Last week the Prime Minister's office announced that Israel would be investing billions of dollars in the coming years to strengthen the Jewish identity of Diaspora Jews.  The announcement was made as part of the government's initiative to reverse the trend towards assimilation by helping Jewish communities throughout the world find strategies that bolster their members' Jewish identity.

One successful program, the Lauder e-Learning School, is already functioning in many countries in Central and Eastern Europe. The school offers online Jewish education for young Jewish students who live hours from a Jewish hub and have no access nearby to Jewish education. The majority of these students have little Jewish background but they are excited about learning and enthusiastic about the program. The parents also have minimal Jewish education -- some grew up without even knowing that they were Jewish -- but they want their children to have the opportunities for Jewish learning that were denied to them. 

The program offers Jewish education classes — both Hebrew courses and a wide range of Jewish studies” curriculum. These courses are supplemented by elective instruction in three foreign languages (German, French and English) to broaden the students' education and draw the students to the school. Students are invited to select any of the free classes that are offered on weekday afternoons, and they meet online in age-specific groups. Instructors, who were trained and are mentored by Jerusalem EdTech Solutions (JETS Israel) director Smadar Goldstein,  present the computer conferencing classes online and the students interact, answer questions, and complete assignments on tablets which are provided by the Lauder e-Learning School.  

So far almost 50 young Jewish students have taken part in the program. These youngsters are often the only Jews in their public school classrooms and the e-Lauder school is their sole opportunity to interact with other Jews in their own age group.  In addition to their online activities the students are invited to participate in an annual weekend Shabbaton in Warsaw hosted by the Lauder-Morsaha School. They are also invited to attend the annual Ronald S. Lauder Foundation summer camp.
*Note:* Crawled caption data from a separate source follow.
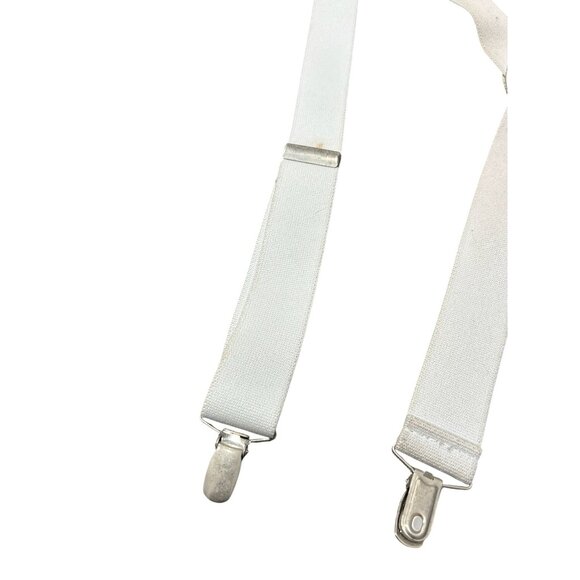 Vintage Elastic Suspenders White One Size Adjustable Clip On Formal Wear Retro - Picture 2 of 6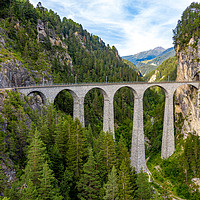 Buy canvas prints of Famous viaduct near Filisur in the Swiss Alps call by Erik Lattwein
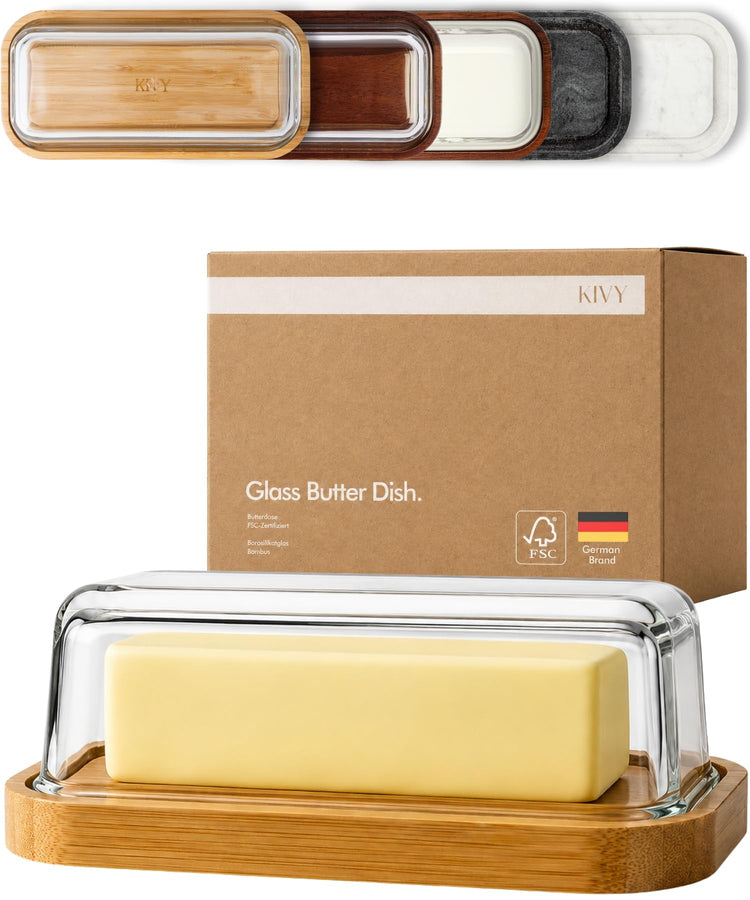 Glass butter dish with airtight lid that keeps butter soft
The Lauder e-School was designed with the long-term goal of reviving Jewish life in Eastern Europe. The school's administration works with the Jewish leadership of each of the countries in which is functions including Germany, Slovakia, Poland and the Czech Republic. A similar program is slated to open in Moscow next year. The Warsaw e-School, founded two years ago, is the latest facet in Poland’s Jewish revival, which is bringing Polish Jewry to the level of any small Jewish community in Europe.